Cynthia Cummings, director for direct marketing systems for Talbots, the upscale ladies' apparel, accessories and shoes retailer , has stated that the key advantage to relationship marketing is the ability to identify and market to the core customers. This can lead to segmented, targeted direct response advertising that yields volume and margin at reduced promotional cost.
Talbots captures data like items purchased and size of order, and when the sale is made via the Talbots charge card. the name and address of the customer. Talbots learns how to narrow its marketing focus by an infallible method: asking the customer. Shoppers are asked, for instance, whether they want to receive mailings for missy, intimates, kids' or other segments--or to be on a list to receive only those promotions geared to events at a particular store location. "Best of all," said Cummings, "you can retain and reactivate customers with continuity programs like hosiery clubs."

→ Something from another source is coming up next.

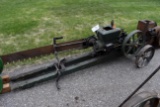 Ottawa 3HP Gas Engine, Log Saw, Wheel Barrow Cart, SN:12067, Oiler, Wico Mag, Restored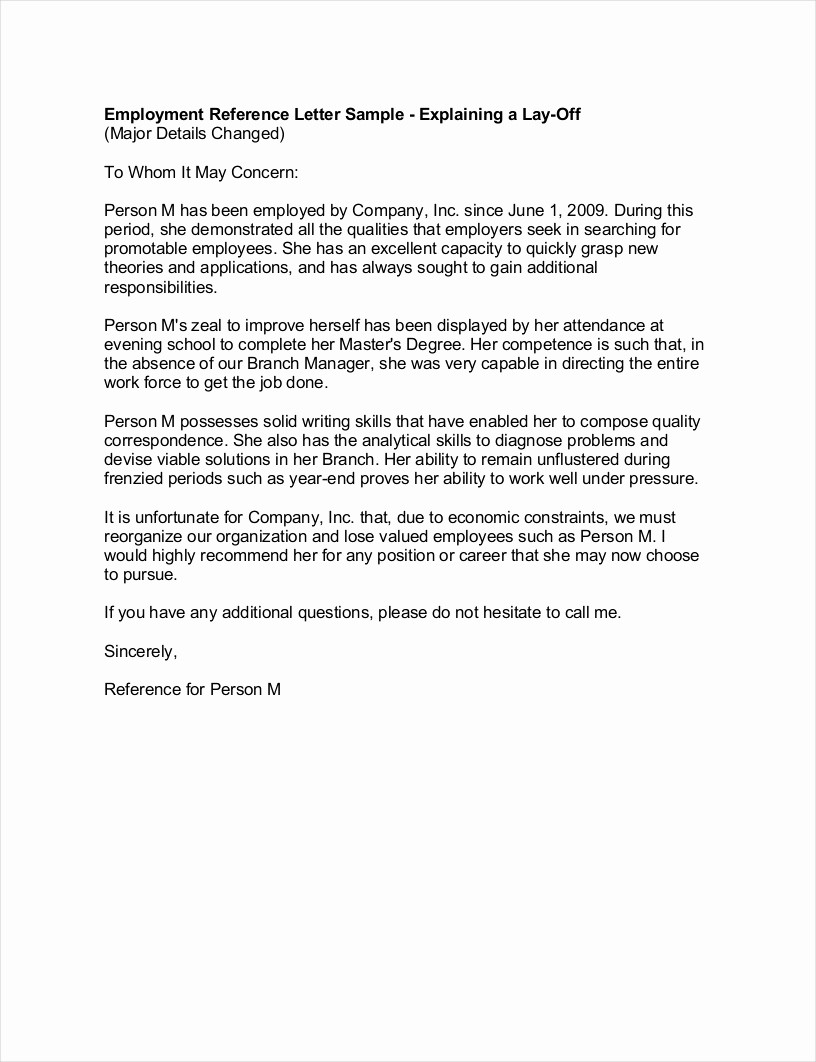 Recommendation Letter Sample From Employer Unique 9 Employee Reference Letter Examples &amp; Samples In Pdf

Talbots mails 60 million catalogs each year and operates 393 stores in the United States. Of these, 54 are Talbots Petites. There are also 41 Talbots Kids, four Talbots Intimates and nine Talbots Surplus stores.
Cummings said the chain has enjoyed particularly good success in using its database to choose sites for the Talbots Petites stores. She said this is a powerful example of how, with database marketing, "you can detect opportunities for new markets, new products and new locations."
Is the siting strategy paying off? Talbots' 1995 comp store sales gains at the Petites stores are outpacing chainwide comp store gains by 3-to-1.
A mass merchant may not have the budget, as Talbots did, to mail a Valentine's Day chocolate from the ceo to each of the chain's best female customers--but part of the reason is that mass merchants haven't captured a list of those customers. This will begin changing with the recent introduction of private label credit cards by chains from Target to Caldor. The Ames 55 Gold seniors discount program has captured nearly one million names and addresses in its first six months. Ames president and ceo Joe Ettore believes this customer base is more responsive than average to direct mail and to good price/value offers.
Effective use of database marketing can be as simple as a postcard mailing to announce in-store event promotions aimed at specific customer segments. Talbots uses a range of methods and vehicles to profit by its captured information. These efforts are part of the reason this apparel retailer is enjoying solid growth--including a 10% gain in March 1995 over the same period last year--in a hard hit industry.
Category killers like Circuit City and off-price apparel chains like Loehmann's have already integrated database marketing into their strategic and day-to-day operations. General merchandisers face tougher decisions on its use, since the costs may appear daunting and the benefits are harder to predict accurately. But some degree of risk is taken every time a weekly advertising circular goes out, and the gain is generally short term.
Database marketing can pay dividends well beyond a periodic spike in volume, as valuable as that can be.